++++ GIVEN DATA ++++

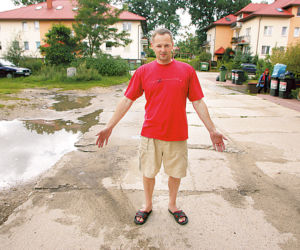 Stara Miłosna: Remontują drogę tylko przed domem prezydenta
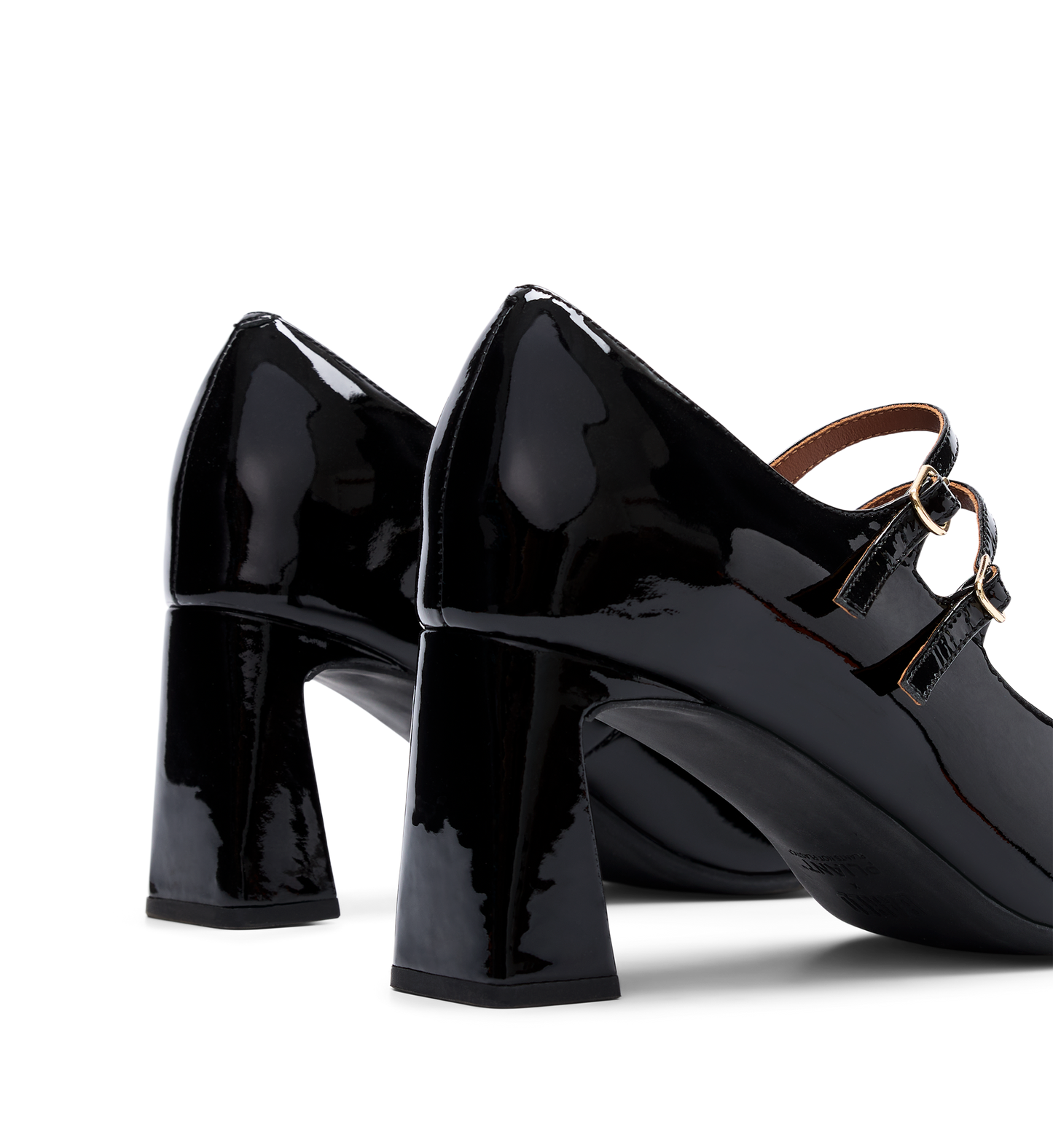 patent finish on the cayuga heels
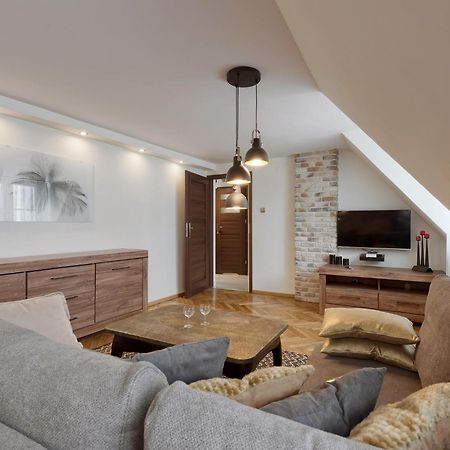 Around Market Square Apartments كراكوفيا المظهر الخارجي الصورة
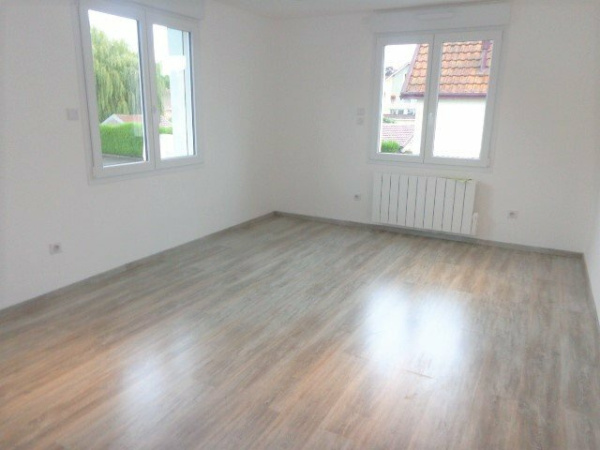 Offres de location Studio Montbéliard 25200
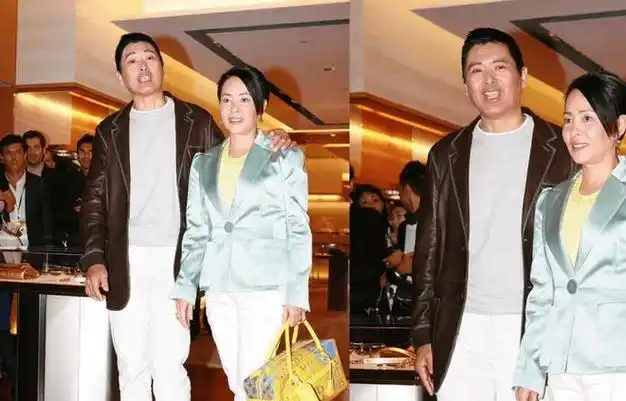 周润发和老婆陈荟莲亮相穿牛仔外套搭配白色长款帅气十足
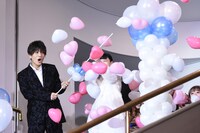 バルーンシャワーに驚く岩田剛典と杉咲花。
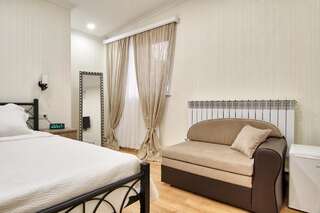 Отель Q&B Hotel Тбилиси Номер с кроватью размера «king-size»-4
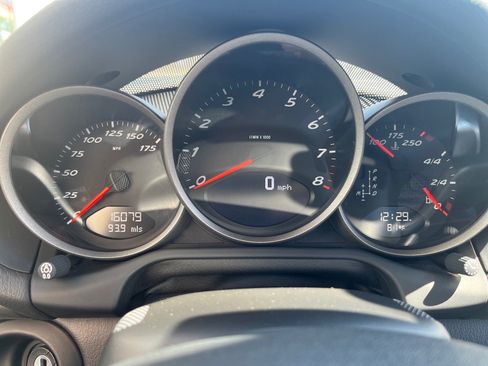 Used 2011 Porsche Boxster RWD image 21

++++

◆ **YOUR GOAL**
An exact copy of the lines from the one with "Offres de location Studio Montbéliard 25200" through the end of the records: produce that and nothing more, leaving out the pictures.

◆ **WRITTEN RESPONSE**
 Offres de location Studio Montbéliard 25200
 周润发和老婆陈荟莲亮相穿牛仔外套搭配白色长款帅气十足
 バルーンシャワーに驚く岩田剛典と杉咲花。
 Отель Q&B Hotel Тбилиси Номер с кроватью размера «king-size»-4
 Used 2011 Porsche Boxster RWD image 21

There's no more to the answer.